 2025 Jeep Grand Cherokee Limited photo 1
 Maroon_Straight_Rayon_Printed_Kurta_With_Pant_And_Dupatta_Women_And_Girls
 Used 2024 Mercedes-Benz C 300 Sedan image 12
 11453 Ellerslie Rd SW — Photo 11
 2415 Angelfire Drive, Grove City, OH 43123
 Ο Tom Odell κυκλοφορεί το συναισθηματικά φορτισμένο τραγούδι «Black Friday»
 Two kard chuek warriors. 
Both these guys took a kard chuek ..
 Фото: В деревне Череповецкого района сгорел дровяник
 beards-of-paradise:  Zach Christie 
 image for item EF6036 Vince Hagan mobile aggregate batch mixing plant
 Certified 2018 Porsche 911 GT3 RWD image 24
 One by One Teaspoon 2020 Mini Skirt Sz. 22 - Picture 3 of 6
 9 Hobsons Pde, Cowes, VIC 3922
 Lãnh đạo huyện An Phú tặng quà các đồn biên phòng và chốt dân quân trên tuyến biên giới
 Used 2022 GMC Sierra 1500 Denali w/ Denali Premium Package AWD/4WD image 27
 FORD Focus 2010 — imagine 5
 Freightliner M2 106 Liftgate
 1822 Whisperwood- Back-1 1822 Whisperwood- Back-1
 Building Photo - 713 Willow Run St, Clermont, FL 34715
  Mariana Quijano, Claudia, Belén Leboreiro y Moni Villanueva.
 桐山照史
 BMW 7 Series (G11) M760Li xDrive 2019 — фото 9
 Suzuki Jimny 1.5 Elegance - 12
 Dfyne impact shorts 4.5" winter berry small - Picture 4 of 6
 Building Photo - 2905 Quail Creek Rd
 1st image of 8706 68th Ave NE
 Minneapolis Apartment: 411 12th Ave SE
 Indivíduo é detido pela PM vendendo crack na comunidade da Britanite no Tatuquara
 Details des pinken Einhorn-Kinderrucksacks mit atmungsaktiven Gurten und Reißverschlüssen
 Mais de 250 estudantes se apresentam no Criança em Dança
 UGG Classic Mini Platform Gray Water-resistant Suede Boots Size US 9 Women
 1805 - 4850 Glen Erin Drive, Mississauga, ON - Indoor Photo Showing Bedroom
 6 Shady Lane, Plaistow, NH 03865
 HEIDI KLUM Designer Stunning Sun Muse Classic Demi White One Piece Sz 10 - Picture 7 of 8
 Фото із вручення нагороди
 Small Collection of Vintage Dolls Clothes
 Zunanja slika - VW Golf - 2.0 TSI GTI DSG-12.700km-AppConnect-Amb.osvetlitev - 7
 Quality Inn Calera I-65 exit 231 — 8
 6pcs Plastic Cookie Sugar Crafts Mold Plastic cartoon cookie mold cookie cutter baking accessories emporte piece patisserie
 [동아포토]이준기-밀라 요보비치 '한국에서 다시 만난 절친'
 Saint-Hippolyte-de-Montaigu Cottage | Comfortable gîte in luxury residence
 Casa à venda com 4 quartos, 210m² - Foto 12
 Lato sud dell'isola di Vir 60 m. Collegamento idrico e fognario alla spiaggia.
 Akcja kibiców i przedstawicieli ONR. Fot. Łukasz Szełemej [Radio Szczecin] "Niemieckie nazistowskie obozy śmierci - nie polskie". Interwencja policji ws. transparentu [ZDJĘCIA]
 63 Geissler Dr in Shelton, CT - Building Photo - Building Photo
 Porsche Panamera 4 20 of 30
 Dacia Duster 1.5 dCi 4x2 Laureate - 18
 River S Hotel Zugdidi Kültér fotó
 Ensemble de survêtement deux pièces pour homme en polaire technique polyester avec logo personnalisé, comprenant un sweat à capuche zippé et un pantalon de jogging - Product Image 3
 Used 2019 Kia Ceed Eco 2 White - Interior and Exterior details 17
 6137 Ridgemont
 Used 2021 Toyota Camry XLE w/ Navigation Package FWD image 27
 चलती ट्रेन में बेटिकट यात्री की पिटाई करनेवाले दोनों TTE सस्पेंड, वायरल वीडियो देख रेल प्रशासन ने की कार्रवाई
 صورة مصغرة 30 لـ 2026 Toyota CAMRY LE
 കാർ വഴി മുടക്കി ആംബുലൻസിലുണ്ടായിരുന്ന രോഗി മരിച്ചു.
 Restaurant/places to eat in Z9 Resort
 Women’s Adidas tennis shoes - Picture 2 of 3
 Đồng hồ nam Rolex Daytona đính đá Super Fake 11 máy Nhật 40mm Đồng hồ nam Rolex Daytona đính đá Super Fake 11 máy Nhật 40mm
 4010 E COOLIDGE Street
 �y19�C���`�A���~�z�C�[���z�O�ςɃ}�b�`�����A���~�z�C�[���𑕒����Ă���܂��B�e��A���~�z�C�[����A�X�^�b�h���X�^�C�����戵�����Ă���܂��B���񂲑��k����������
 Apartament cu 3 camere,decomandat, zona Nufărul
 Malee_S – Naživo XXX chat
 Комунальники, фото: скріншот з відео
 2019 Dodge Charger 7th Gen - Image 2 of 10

> [What needs to be done] In the material above, transcribe exactly the lines beginning at the one with "Building Photo - 713" and ending at the one with "1st image of 8706 68th Ave NE", both included.

> [Exercise output]
 Building Photo - 713 Willow Run St, Clermont, FL 34715
  Mariana Quijano, Claudia, Belén Leboreiro y Moni Villanueva.
 桐山照史
 BMW 7 Series (G11) M760Li xDrive 2019 — фото 9
 Suzuki Jimny 1.5 Elegance - 12
 Dfyne impact shorts 4.5" winter berry small - Picture 4 of 6
 Building Photo - 2905 Quail Creek Rd
 1st image of 8706 68th Ave NE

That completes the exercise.